Ingredients:
- ½ cup fine bulgur wheat (US: 100g/UK: 3.5oz)
- 1 cup boiling water (US: 240ml/UK: 240ml)
- 1 cup finely chopped fresh parsley (US: 30g/UK: 1oz)
- ½ cup finely chopped fresh mint (US: 15g/UK: 0.5oz)
- 1 cup finely diced ripe tomatoes (about 2 medium) (US: 180g/UK: 6oz)
- ½ cup finely diced cucumber (about ½ medium, peeled or unpeeled) (US: 80g/UK: 2.8oz)
- ¼ cup finely diced red onion (US: 30g/UK: 1oz)
- ¼ cup extra virgin olive oil (US: 60ml/UK: 2fl oz)
- ¼ cup freshly squeezed lemon juice (from about 1-2 lemons) (US: 60ml/UK: 2fl oz)
- 1 clove garlic, minced
- ½ teaspoon sea salt (or to taste)
- ¼ teaspoon black pepper (freshly ground)
Instructions:
- Place the bulgur wheat in a small bowl. Pour boiling water over the bulgur, stir, and let it sit for 15-20 minutes, or until softened. Fluff with a fork.
- In a large bowl, combine the chopped parsley, mint, tomatoes, cucumber, and red onion.
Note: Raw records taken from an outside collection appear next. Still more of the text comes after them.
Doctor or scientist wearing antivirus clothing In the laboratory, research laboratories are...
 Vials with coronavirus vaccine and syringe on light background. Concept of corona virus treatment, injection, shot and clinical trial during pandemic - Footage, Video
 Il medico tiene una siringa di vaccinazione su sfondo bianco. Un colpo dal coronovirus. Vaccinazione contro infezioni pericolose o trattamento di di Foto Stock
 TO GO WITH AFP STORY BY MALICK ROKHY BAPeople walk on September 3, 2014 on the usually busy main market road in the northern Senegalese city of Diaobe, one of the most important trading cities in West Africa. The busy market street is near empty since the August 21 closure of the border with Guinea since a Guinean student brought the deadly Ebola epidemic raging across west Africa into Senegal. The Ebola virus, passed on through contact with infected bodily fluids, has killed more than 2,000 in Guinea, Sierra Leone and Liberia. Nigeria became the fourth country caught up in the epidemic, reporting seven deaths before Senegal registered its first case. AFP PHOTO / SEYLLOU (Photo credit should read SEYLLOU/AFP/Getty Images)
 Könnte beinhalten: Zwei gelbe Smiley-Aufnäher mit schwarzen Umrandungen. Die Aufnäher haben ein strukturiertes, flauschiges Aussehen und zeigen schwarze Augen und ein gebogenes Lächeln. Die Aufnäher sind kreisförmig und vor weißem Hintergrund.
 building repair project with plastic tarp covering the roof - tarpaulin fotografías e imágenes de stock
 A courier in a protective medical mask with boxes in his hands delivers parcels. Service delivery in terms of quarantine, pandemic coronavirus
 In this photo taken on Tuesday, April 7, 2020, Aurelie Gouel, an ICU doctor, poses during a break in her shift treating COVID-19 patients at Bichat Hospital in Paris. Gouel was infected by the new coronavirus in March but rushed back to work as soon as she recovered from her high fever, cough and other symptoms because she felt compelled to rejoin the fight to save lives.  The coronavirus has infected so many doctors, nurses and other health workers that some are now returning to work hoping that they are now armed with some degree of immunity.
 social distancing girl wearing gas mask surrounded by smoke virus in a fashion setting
- In a small bowl, whisk together the olive oil, lemon juice, minced garlic, salt, and pepper.
- Add the softened bulgur to the bowl with the vegetables and herbs. Pour the dressing over the salad.
- Gently toss everything together to combine. Taste and adjust seasoning as needed. Cover and chill for at least 30 minutes to allow the flavors to meld.
- Serve chilled.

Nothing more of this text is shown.